Guillaume Tabard: «La France qui bloque contre la France qui bosse»

lefigaro.fr 
CONTRE-POINT - Le pari de la gauche est simple: qu’un conflit long et paralysant provoque une exaspération des usagers et que celle-ci alimente un mécontentement général.

Clémentine Autain l’avait dit sans détour à la veille des législatives: faute de majorité à l’Assemblée, la Nupes chercherait à obtenir dans la rue les victoires qu’elle n’aurait pas obtenues dans les urnes. Jean-Luc Mélenchon a beau vibrer au souvenir du peuple parisien ramenant de force Louis XVI, sa femme et son fils à Paris - plantant au passage sur des piques la tête de deux gardes du roi -, il n’est pas sûr que sa «marche contre la vie chère et l’inaction climatique», fasse vaciller le pouvoir macronien.

Mais l’insurrection ne se fait pas uniquement par la manifestation, elle se prépare aussi par les blocages. Et le leader Insoumis qui pestait contre une CGT refusant d’appeler à sa marche du 16 octobre a tout lieu de se réjouir des grèves «préventives» décrétées par la même CGT dans les raffineries. Seul compte pour Mélenchon que le gouvernement soit mis en difficulté par ce mouvement social.

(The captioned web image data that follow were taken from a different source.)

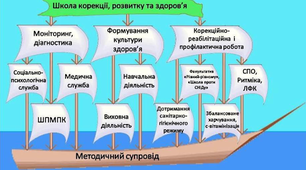 Дидактичний матеріал для практичного психолога по розвитку когнітивної сфери дитини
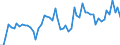 CN 21069098 /Exports /Unit = Prices (Euro/ton) /Partner: Latvia /Reporter: Eur27_2020 /21069098:Food Preparations, N.e.s., Containing, by Weight, >= 1,5% Milkfat, >= 5% Sucrose or Isoglucose, >= 5% Glucose or >= 5% Starch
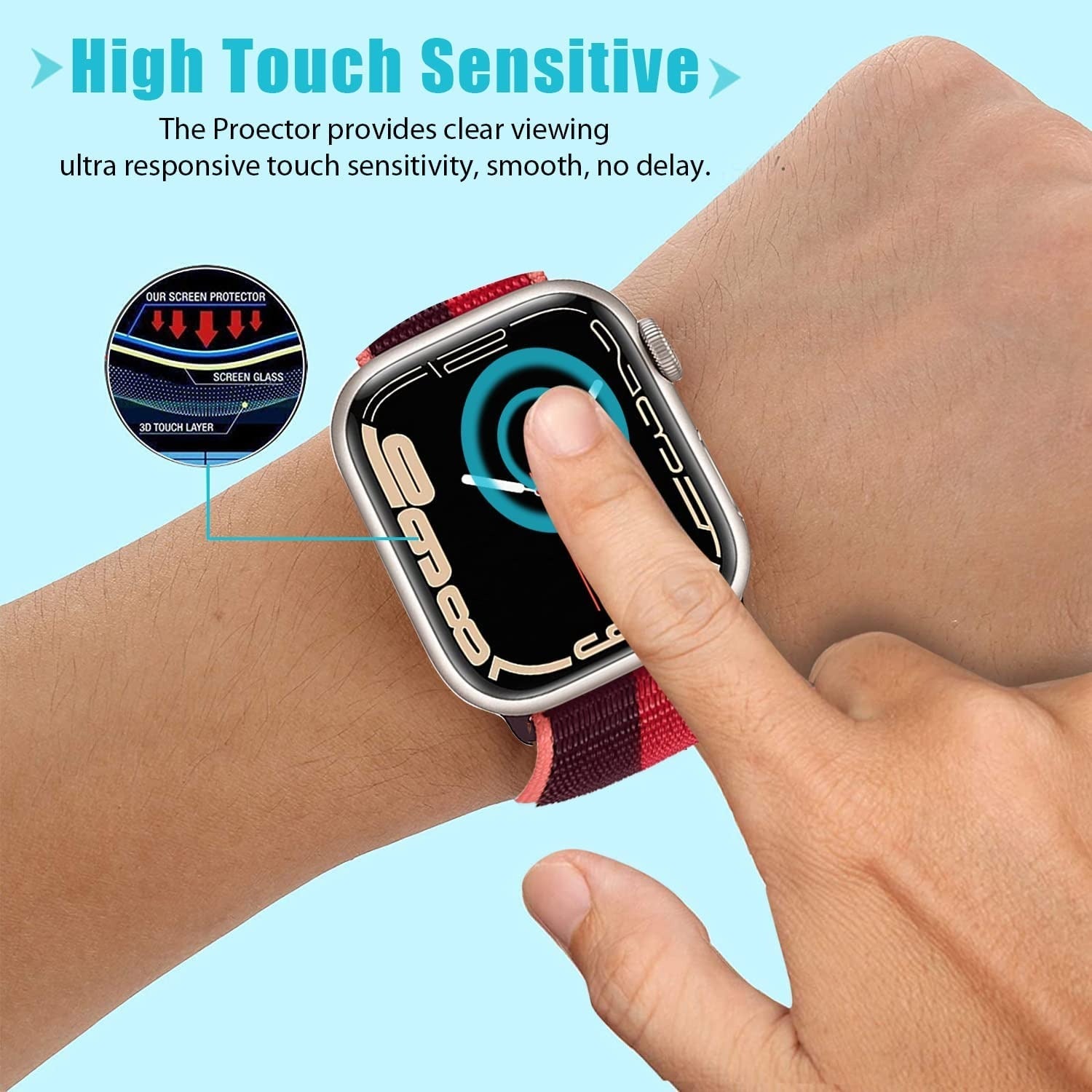 Premium 9HD Soft Glass By iSerieshub Compatible For Smartwatch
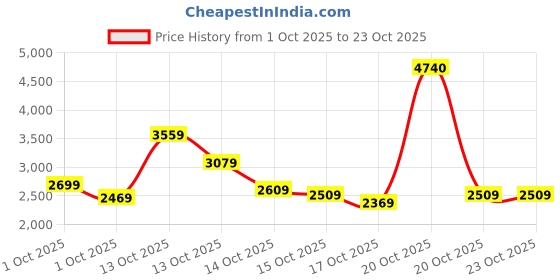 in.puma.com puma Futuristic Logo Men's Slim Fit Hoodie puma Price History Graph from 1 Oct 2025 to 22 Oct 2025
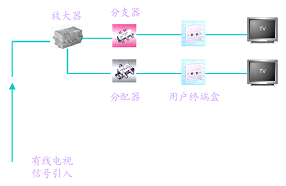 1550716939582521.png 有線電視結構.png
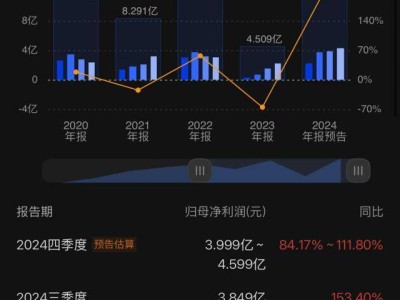 澜起科技2024业绩大爆发，AI热潮助推新品出货创新高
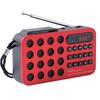 Rechargeable Portable FM Radio Mini Solar Bluetooth Wireless Speaker Support USB TF Card MP3 Music Player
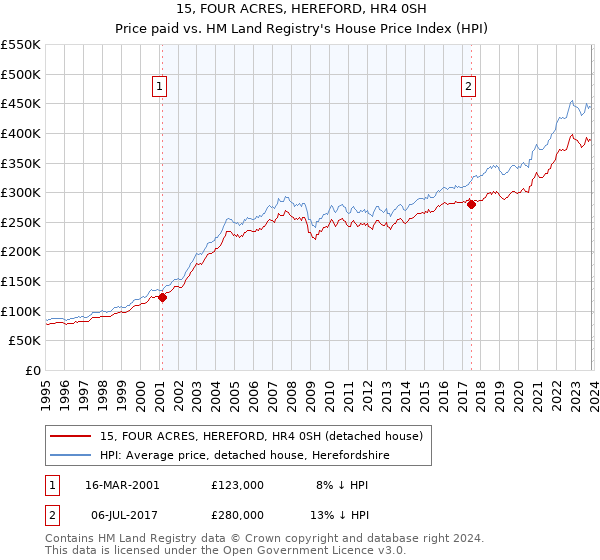 15, FOUR ACRES, HEREFORD, HR4 0SH: Price paid vs HM Land Registry's House Price Index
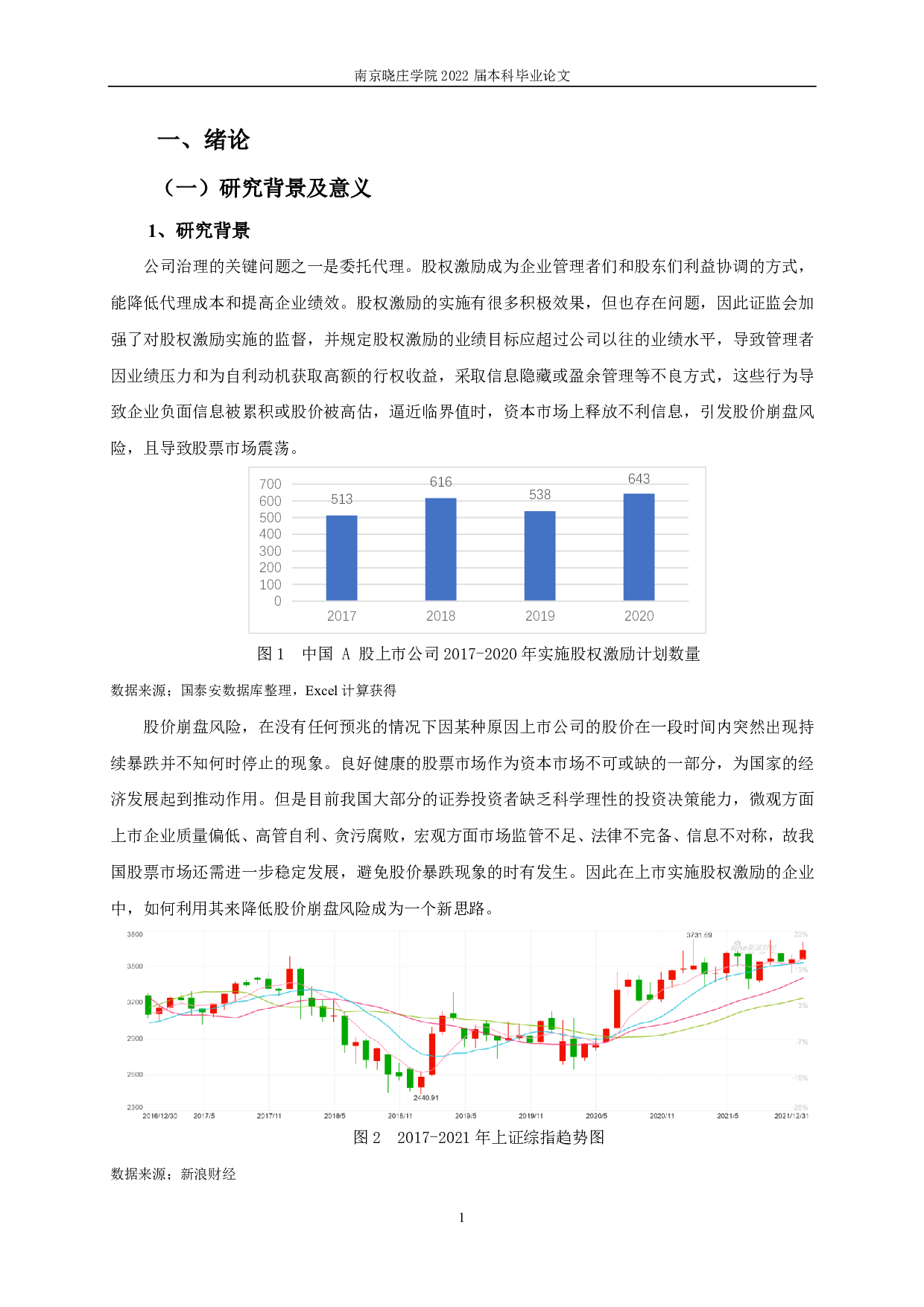 股权激励与股价崩盘风险关系的实证研究-12320字.pdf 第4页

C’est une bataille de l’opinion qui est lancée. Sur le fond, il est vrai que le pouvoir exécutif ne peut pas grand-chose sur des négociations salariales dans une entreprise privée. Mais dès lors qu’une partie de la population est touchée dans sa vie quotidienne et professionnelle, le sujet devient politique. Lionel Jospin, qui avait nommé Mélenchon ministre, avait raison de dire que «l’État ne peut pas tout». Mais dès lors qu’il y a menace de blocage, c’est spontanément du gouvernement que l’opinion attend une solution.

C’est le pari de la gauche: qu’un conflit long et paralysant provoque une exaspération des usagers et que celle-ci alimente un mécontentement général. Qu’une pénurie à la pompe engendre une colère sociale comme la taxe carbone avait donné naissance aux «gilets jaunes». D’ailleurs en 2010, c’est par une grève dans les raffineries que la CGT avait tenté, en vain, de faire plier Nicolas Sarkozy sur sa réforme des retraites.

Bataille de l’opinion

Pour le gouvernement, c’est donc une course contre la montre qui est engagée, car quelles que soient ses explications, un enlisement est toujours l’aveu d’une impuissance. Mais surtout, lui aussi peut remporter la bataille de l’opinion. Si les Français sont parfois enclins à ce qu’on appelle la «grève par procuration», ils refusent les blocages et, a fortiori, la violence. Lorsque le mouvement des «gilets jaunes» avait basculé dans la brutalité (l’Arc de triomphe, les affrontements avec la police), le gouvernement Philippe avait réussi à incarner le «parti de l’ordre». La carte de la fermeté, via des réquisitions, pourrait tourner à son avantage. Même si l’on a compris ce lundi qu’Emmanuel Macron et Élisabeth Borne ne voulaient la brandir qu’en dernier recours.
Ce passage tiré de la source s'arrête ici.